__DIRECTIONS FOR THIS TASK__
What is needed is the full listing written out exactly, minus the pictures.

__THE DATA__

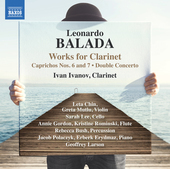 Album artwork for Balada: Works for Clarinet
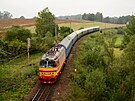 Den eleznice v Jindichov Hradci v roce 2017 nabídl veejnosti i jízdu vlakem...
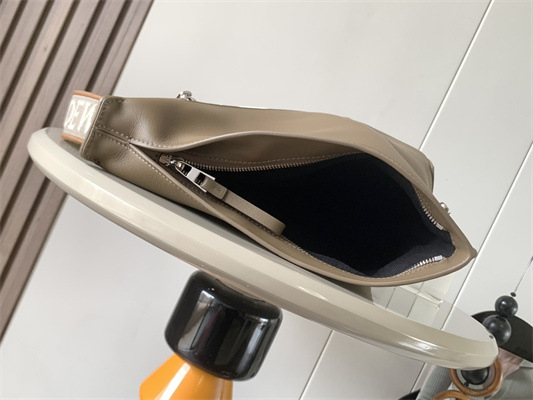 l0ew* anton sling bag in S*pple smooth calf and jacquard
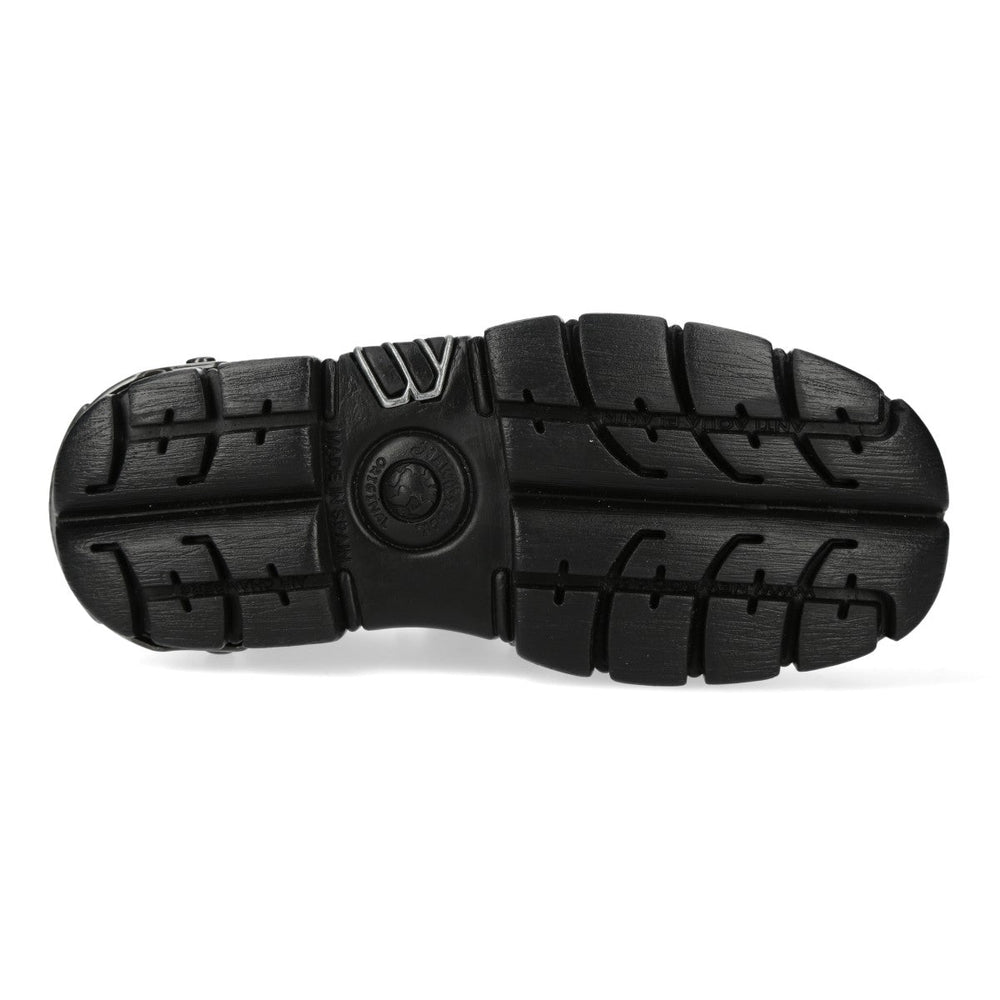 New Rock Boots & Shoes | M-WALL120NSHLACE-C2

__SOLUTION TO THIS EXERCISE__
 Album artwork for Balada: Works for Clarinet
 Den eleznice v Jindichov Hradci v roce 2017 nabídl veejnosti i jízdu vlakem...
 l0ew* anton sling bag in S*pple smooth calf and jacquard
 New Rock Boots & Shoes | M-WALL120NSHLACE-C2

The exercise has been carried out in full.